§ WORK REQUIRED
Print exactly, and only, the lines from the one containing "them. 0715250093. Cheers" through the last line of the records below, both included; leave out the pictures.
==== ENTRIES PROVIDED ====
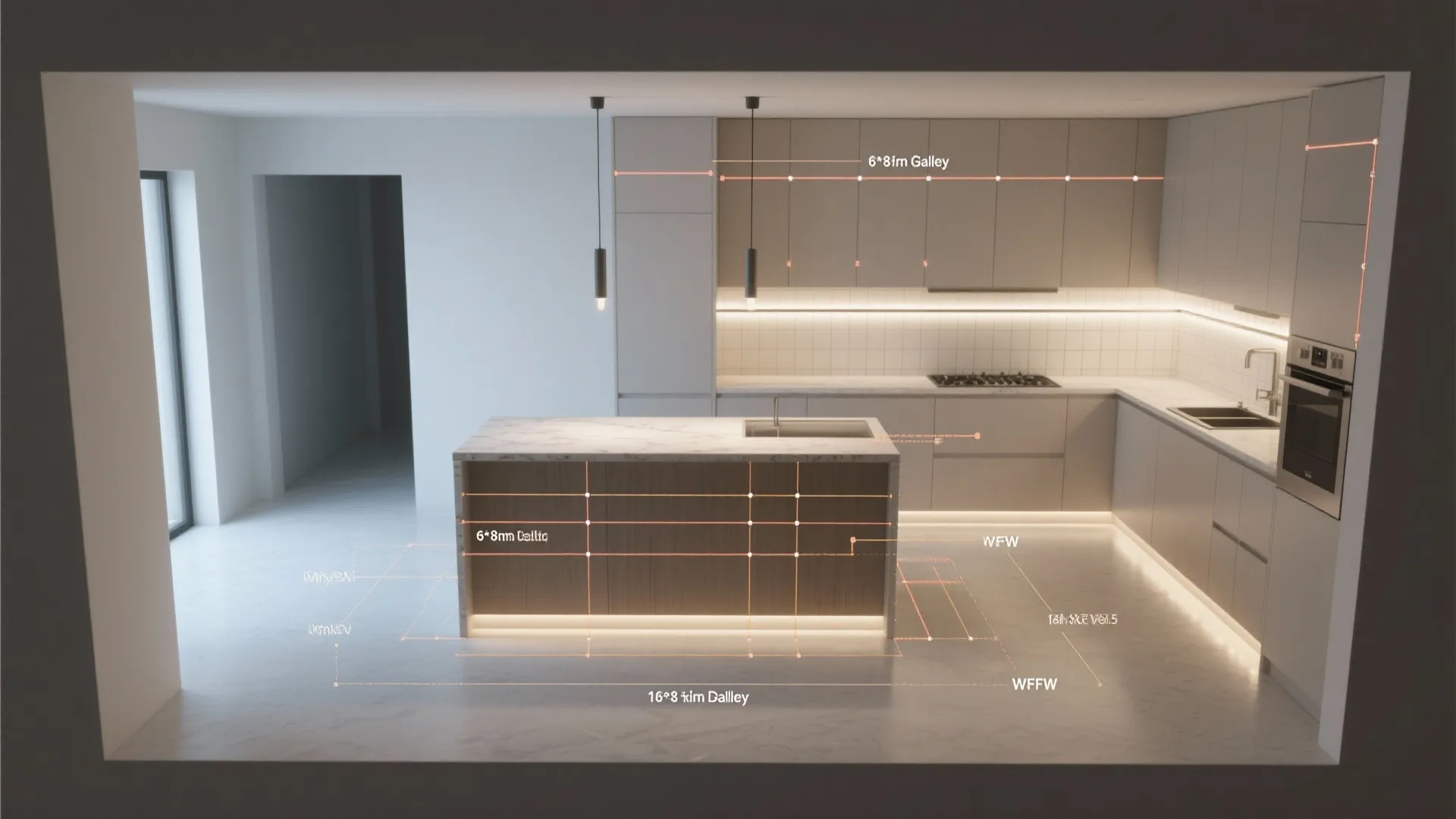 Top-down visual plan of a 6x8 galley kitchen showing recessed lights, pendant placement, and under-cabinet LED runs.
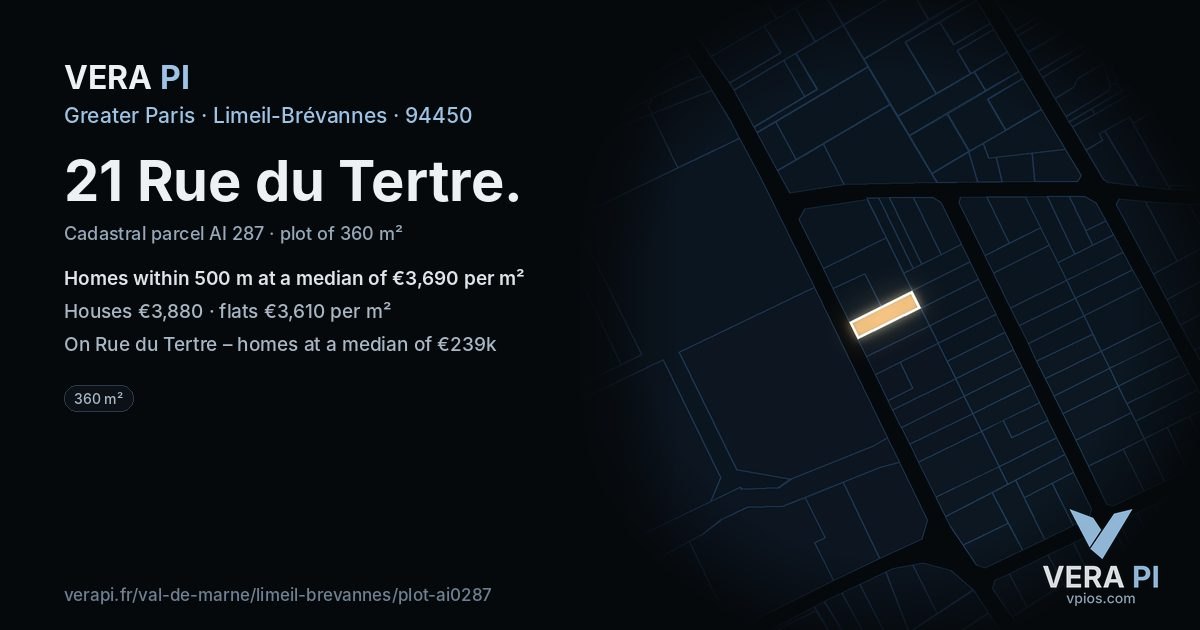 21 Rue du Tertre, Limeil-Brévannes at night – the plot lit, the parcels around coloured by the prices near them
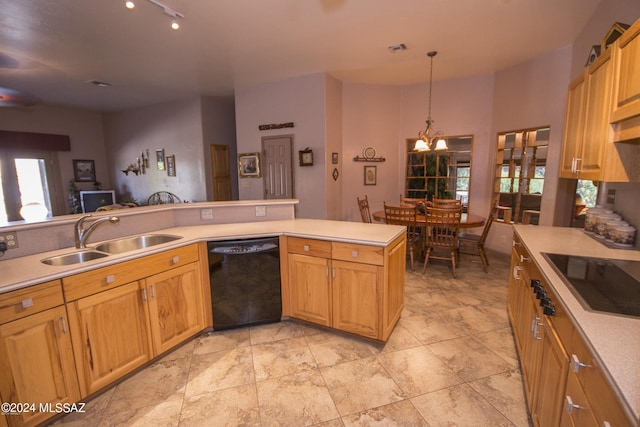 kitchen featuring decorative light fixtures, black appliances, sink, an inviting chandelier, and light tile patterned floors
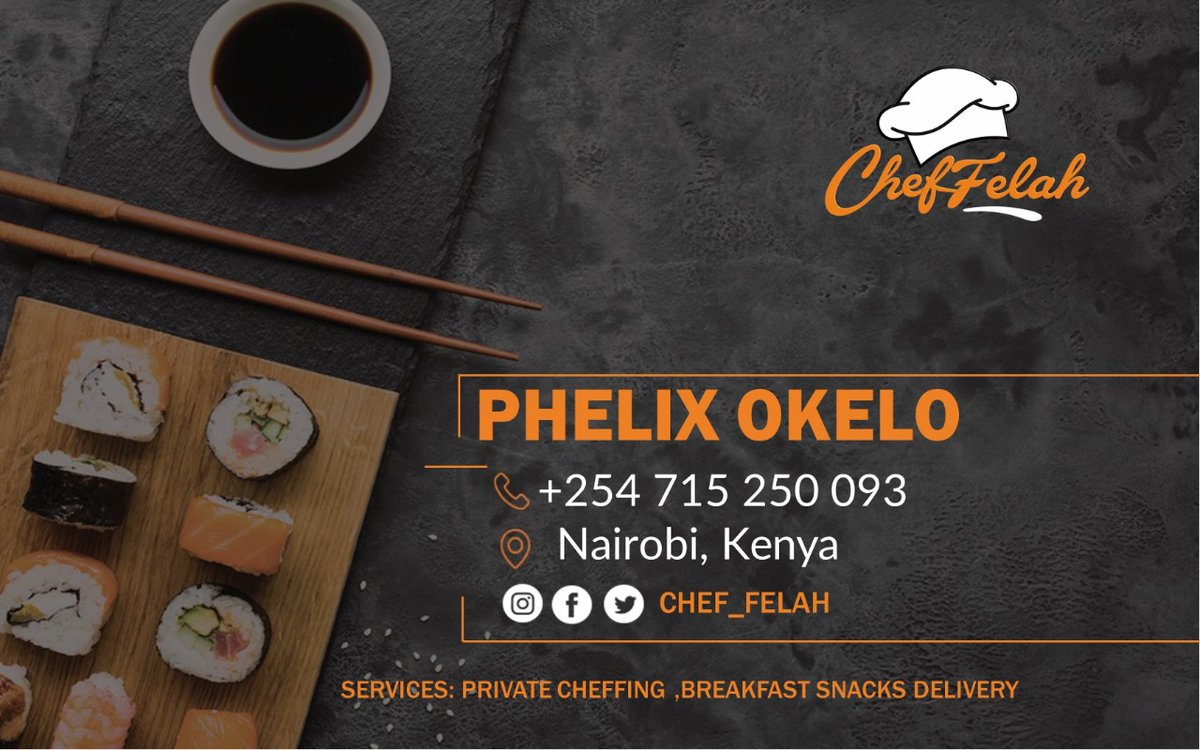 @club_nairobis @jdrizzy254 Private chef. Also take orders from clients, do them from my place and deliver to them. 0715250093. Cheers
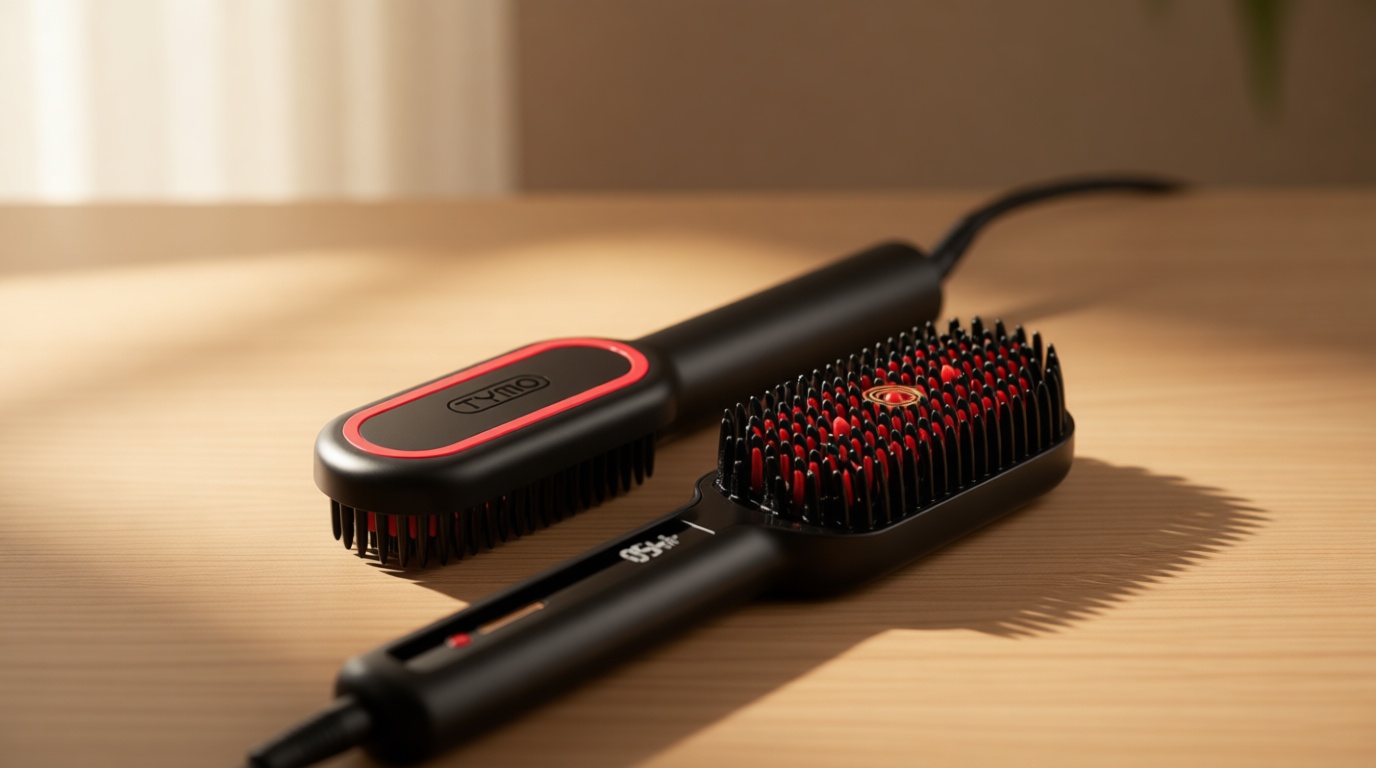 TYMO Hair Straightener Brush - Upgraded Ionic Plus Straightening Brush with Dense Bristles, 16 Temps, Dual Voltage | Ceramic Hot Comb for Women | Flat Iron for Thick Curly Hair, Black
====
§ ANSWER BELOW
 @club_nairobis @jdrizzy254 Private chef. Also take orders from clients, do them from my place and deliver to them. 0715250093. Cheers
 TYMO Hair Straightener Brush - Upgraded Ionic Plus Straightening Brush with Dense Bristles, 16 Temps, Dual Voltage | Ceramic Hot Comb for Women | Flat Iron for Thick Curly Hair, Black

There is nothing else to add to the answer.